***** ENTRIES SUPPLIED
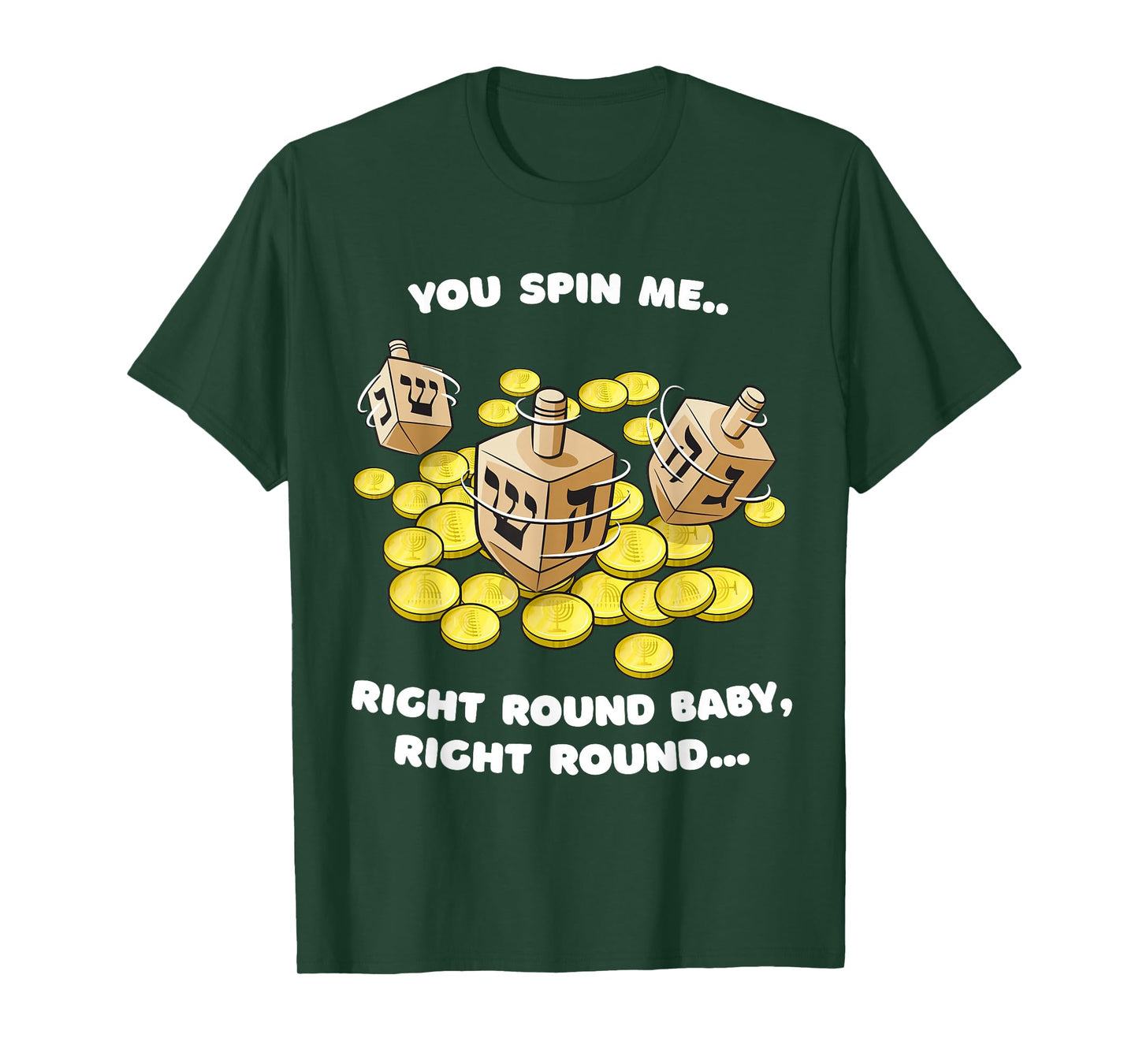 Funny Jewish Tshirt Dreidel Spin Me Round Cute Hanukkah T-Shirt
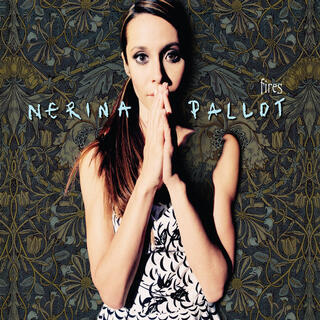 NERINA PALLOT - Fires (Half-speed Remaster)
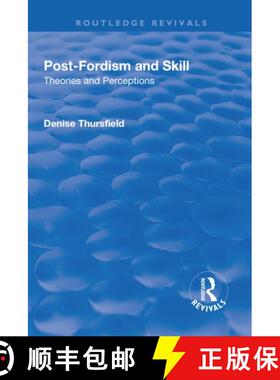 【3-4周达】Post-Fordism and Skill: Theories and Perceptions [9781138746701]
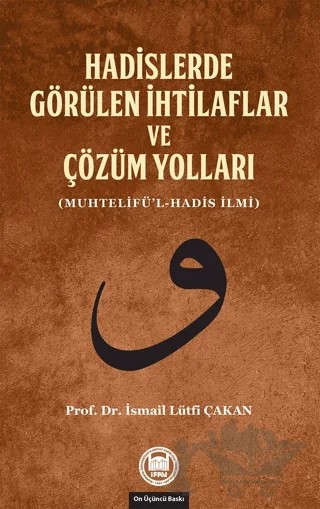 Hadislerde Görülen İhtilaflar ve Çözüm Yolları – İsmail Lütfi Çakan – Marmara Üniversitesi İlahiyat Fakültesi Vakfı kitap kapağı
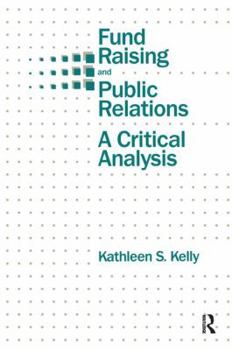 Paperback Fund Raising and Public Relations: A Critical Analysis Book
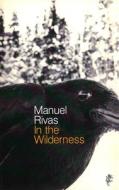 In The Wilderness di Manuel Rivas edito da Vintage Publishing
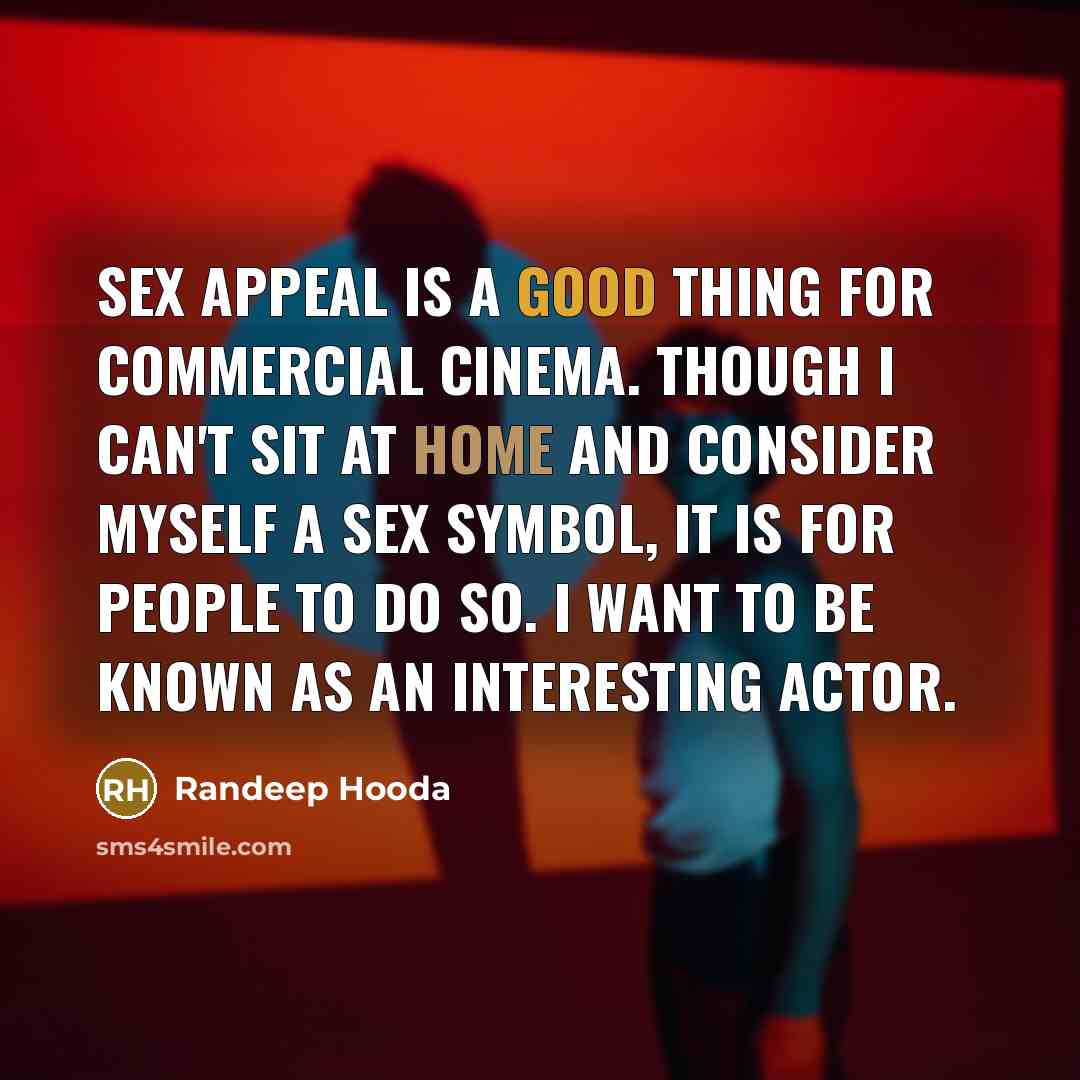 “Sex appeal is a good thing for commercial cinema. Though…” quote by Randeep Hooda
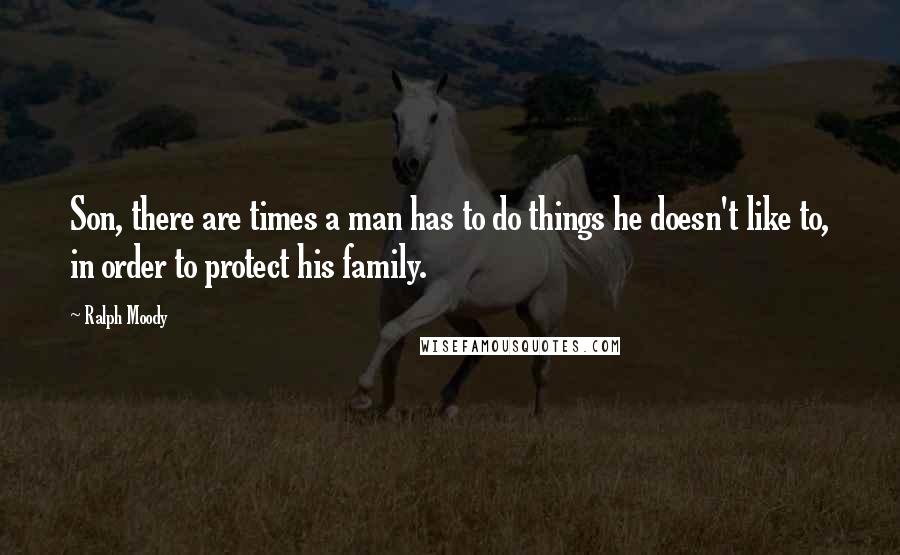 Ralph Moody quotes: Son, there are times a man has to do things he doesn't like to, in order to protect his family.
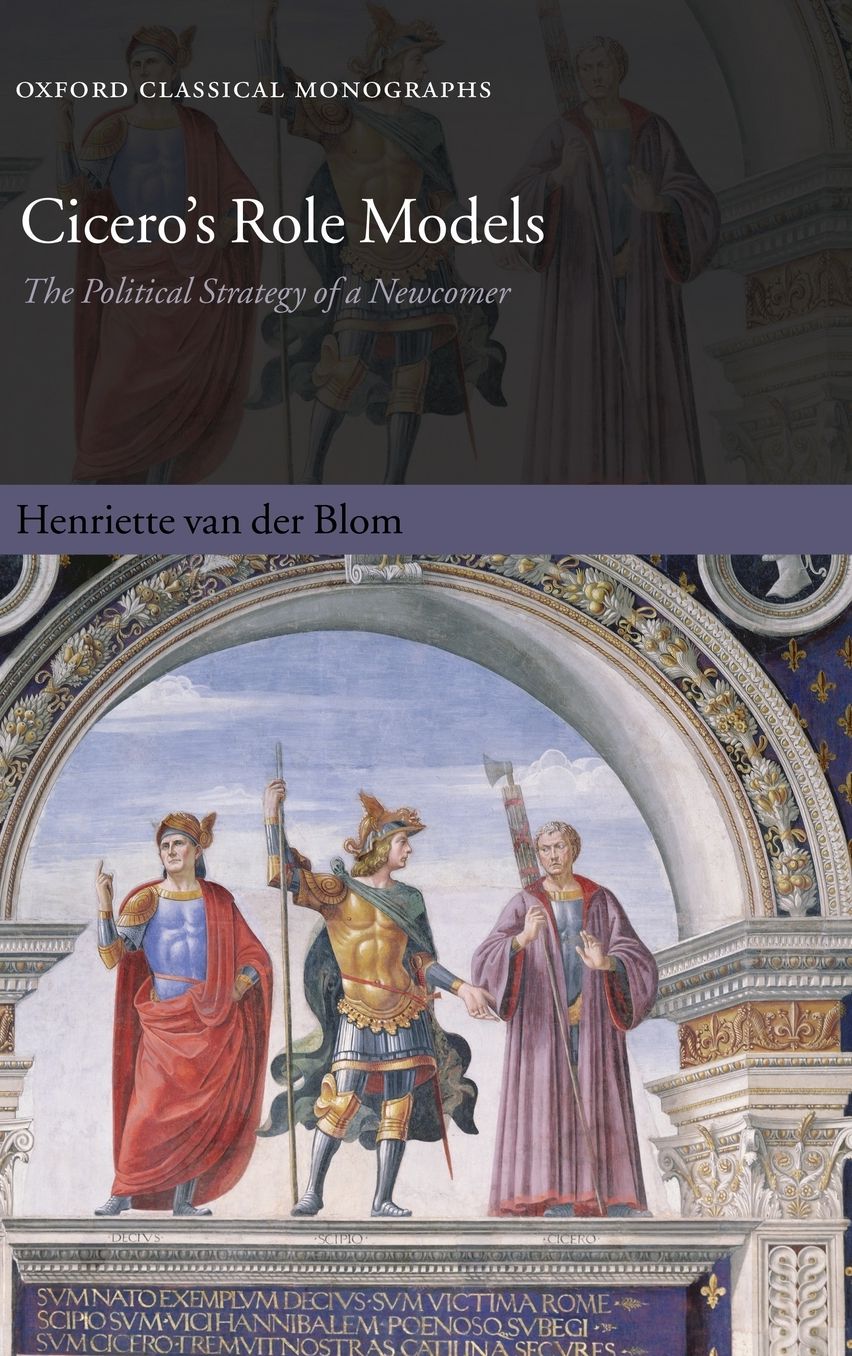 Cicero's Role Models: The Political Strategy of a Newcomer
**********
YOUR ASSIGNMENT: Output the listing above exactly, excluding all pictures.

SOLUTION FOR THIS TASK:
 Funny Jewish Tshirt Dreidel Spin Me Round Cute Hanukkah T-Shirt
 NERINA PALLOT - Fires (Half-speed Remaster)
 【3-4周达】Post-Fordism and Skill: Theories and Perceptions [9781138746701]
 Hadislerde Görülen İhtilaflar ve Çözüm Yolları – İsmail Lütfi Çakan – Marmara Üniversitesi İlahiyat Fakültesi Vakfı kitap kapağı
 Paperback Fund Raising and Public Relations: A Critical Analysis Book
 In The Wilderness di Manuel Rivas edito da Vintage Publishing
 “Sex appeal is a good thing for commercial cinema. Though…” quote by Randeep Hooda
 Ralph Moody quotes: Son, there are times a man has to do things he doesn't like to, in order to protect his family.
 Cicero's Role Models: The Political Strategy of a Newcomer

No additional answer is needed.